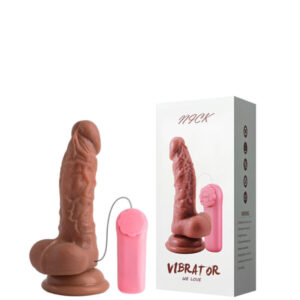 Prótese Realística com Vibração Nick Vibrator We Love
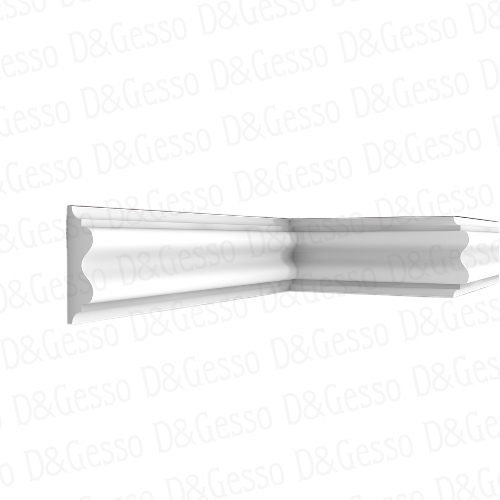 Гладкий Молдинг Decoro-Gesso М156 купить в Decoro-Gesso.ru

==

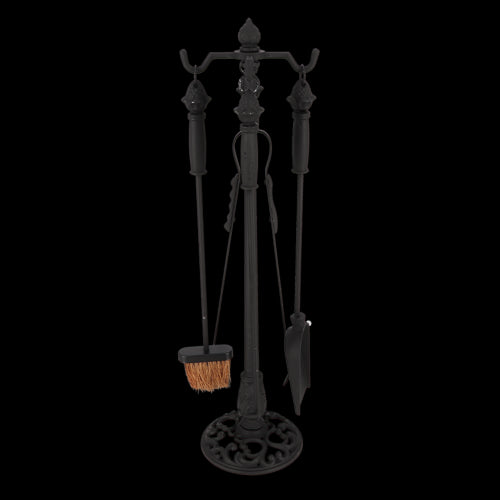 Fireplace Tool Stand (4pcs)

* * *

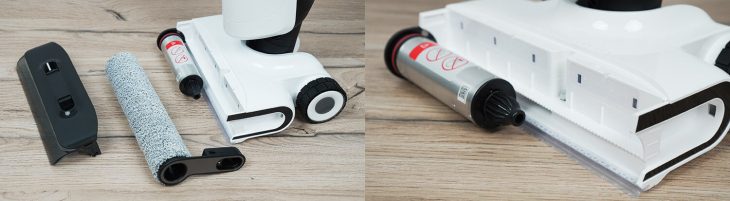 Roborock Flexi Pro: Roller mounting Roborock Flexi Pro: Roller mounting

— WORK TO BE COMPLETED —
Within the material above, only the stretch from the line holding "Prótese Realística com" through the line holding "Гладкий Молдинг Decoro-Gesso" is to be restated exactly. Pictures are dropped.

— RESPONSE BOX —
 Prótese Realística com Vibração Nick Vibrator We Love
 Гладкий Молдинг Decoro-Gesso М156 купить в Decoro-Gesso.ru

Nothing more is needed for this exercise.